This Montrealer forged medieval axes used to rebuild Notre-Dame cathedral
CBC
The axe head, heated by the flames of Mathieu Collette's forge, glows white hot among the coals.
Collette, a blacksmith who uses traditional methods to fashion tools from iron and steel, pulls it from the fire and, with a series of hammer blows, moulds it into shape.
Meanwhile, in France, possibly at this very moment, carpenters are using axes he fashioned to carve logs of red oak into roof trusses for Notre-Dame-de-Paris, the world's most famous cathedral.
The axes had to be as close as possible to the originals used by the carpenters who first built the cathedral in the 12th and 13th centuries — so that the new wood beams would bear the same markings as the old.
Collette and the other toolsmiths who went to France to help with the project were uniquely positioned to make them.

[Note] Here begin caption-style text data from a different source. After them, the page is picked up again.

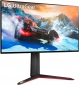 Монітор LG UltraGear 27GP95RP-B - фото 7 - інтернет-магазин електроніки та побутової техніки TTT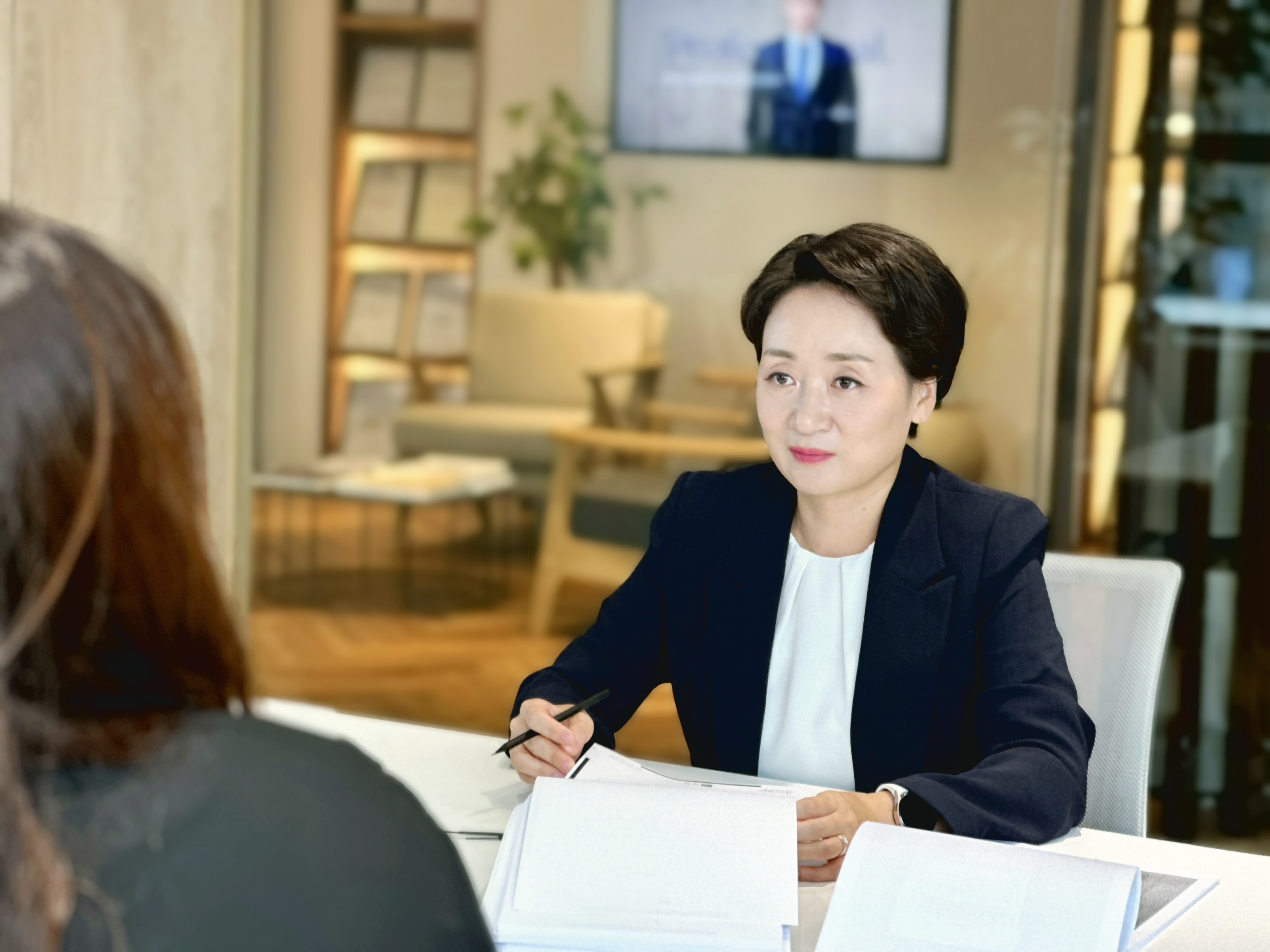 이혼전문변호사,이선녀변호사,법무법인태하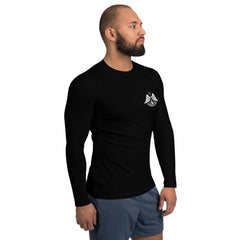 Luke Men's Rash Guard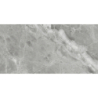 ALABAMA GRIS MAT 30X60 GAT.1 (P.73677)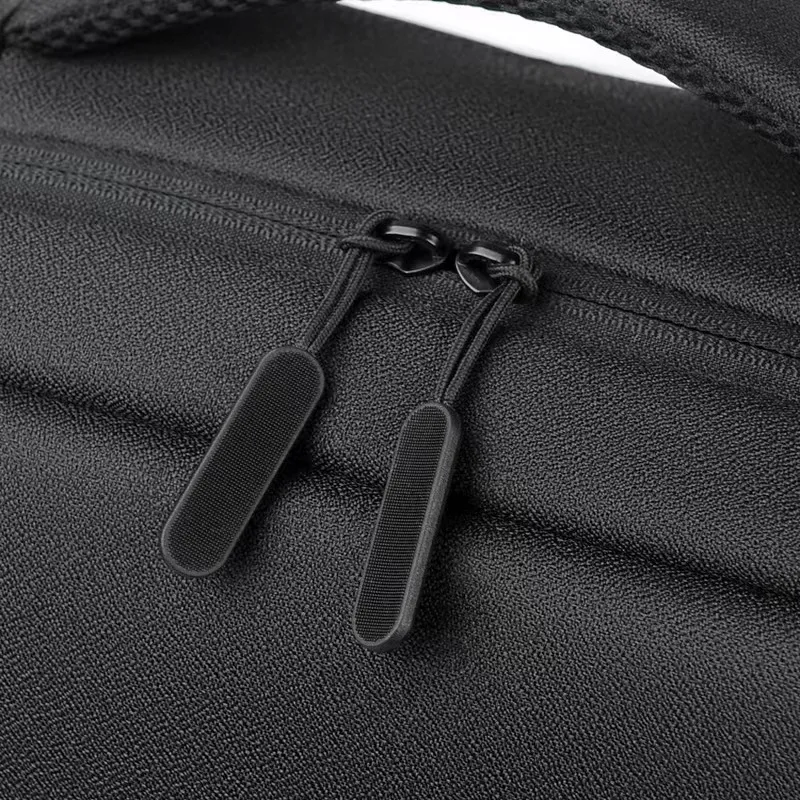 Travel Bag Manufacturer Business & Professional Laptop Backpack for Office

"We're the only ones left," Collette said in an interview this week at his Montreal forge, located in an old pump house in the Peel Basin.
"We made the axes the same way, using techniques, materials and tools of the time."

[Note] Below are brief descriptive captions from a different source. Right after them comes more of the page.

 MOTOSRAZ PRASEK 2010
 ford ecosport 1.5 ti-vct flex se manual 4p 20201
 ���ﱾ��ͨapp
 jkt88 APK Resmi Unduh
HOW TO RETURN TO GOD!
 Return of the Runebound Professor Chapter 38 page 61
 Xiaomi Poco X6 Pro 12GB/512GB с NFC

After a 2019 fire destroyed part of its roof, walls and spire, officials in France decided to reproduce the church exactly as it had been built some 800 years ago.
It's an undertaking that requires meticulous attention to detail.

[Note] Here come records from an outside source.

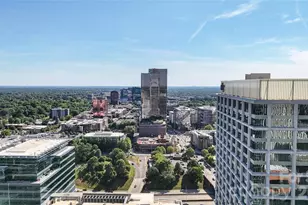 435 S Tryon St, Charlotte, NC 28202 - Photo 48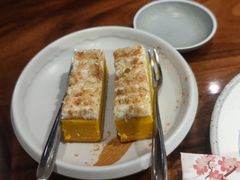 -森味花园·日本料理(伊藤洋华堂亚运村店)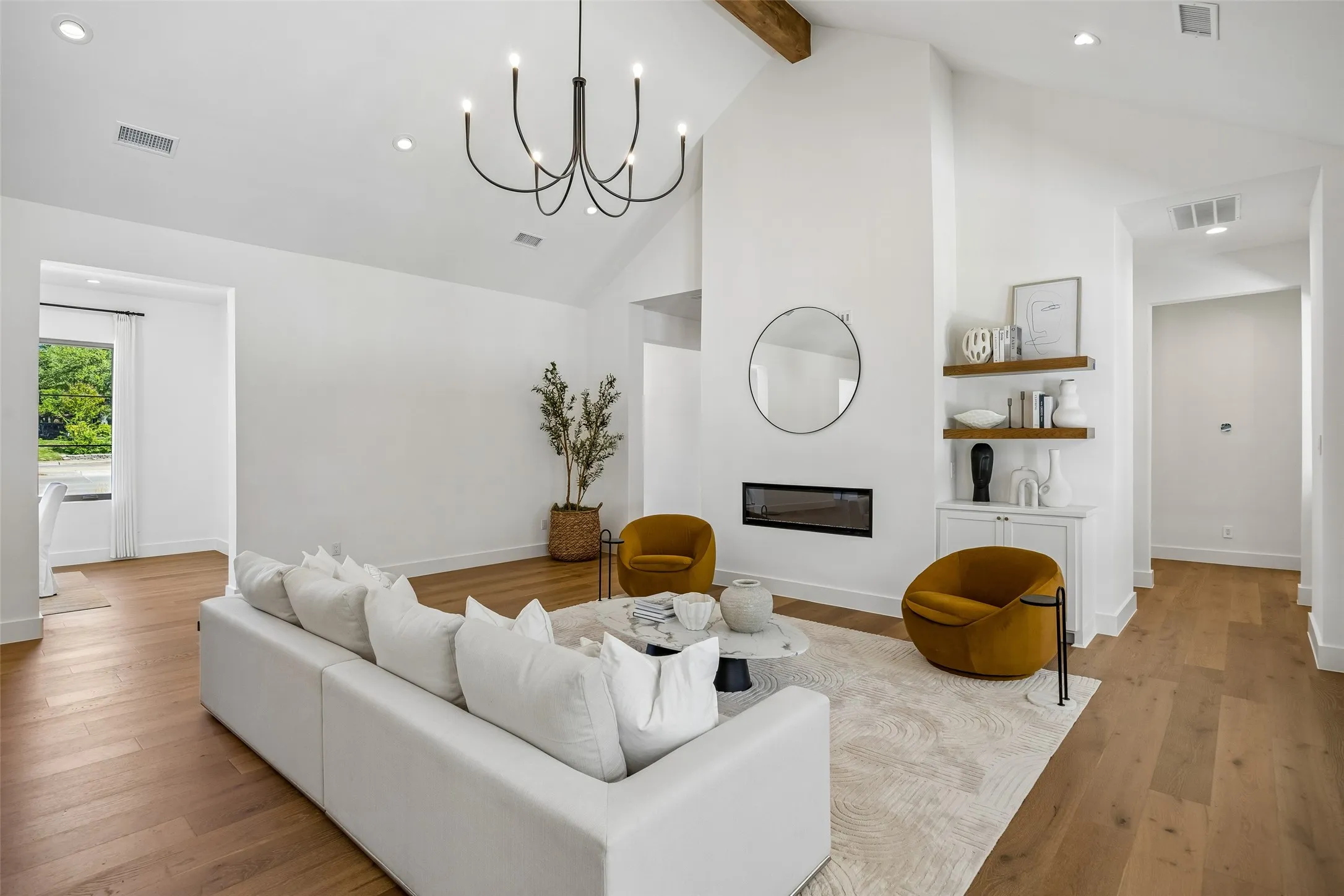 Single Family Residence For Sale in Dallas County , 11131 Hillcrest Road, Dallas, Texas 75230, 5 Bedroom, 6 Bathroom, 2 Garage spaces, 4,216 Sqft, built in 2025, mls#21232108, Real Estate Agent in Dallas, Homes For Sale in Dallas county, Homes For Sale in Dallas, Realtor in Dallas Texas, Real Estate Brokerage Independent Realty Texas, Luminita Cordes Realtor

To know what types of axes to make, Soumia Luquet, the director of the Maison Luquet, a traditional workshop near Munster, France, and her team analyzed the markings that remained on wood oak beams salvaged from Notre-Dame. They also looked at old engravings that showed workmen of the time hoisting axes and using tools.
It was a forensic investigation, of sorts, as they tried to create axes which, in the hands of modern craftspeople, would leave the same marks on the wood as those of the 13th century.
They decided on five models of axes — some built for chopping, others for finer, finishing work. But to make enough for the team of craftspeople, they needed to make multiple replicas of each axe, 60 in total.
Given that it takes nine to 14 hours to make one axe, Luquet knew they needed additional manpower.
Enter Cossette, who, in the world of toolsmithing, is seen as a master.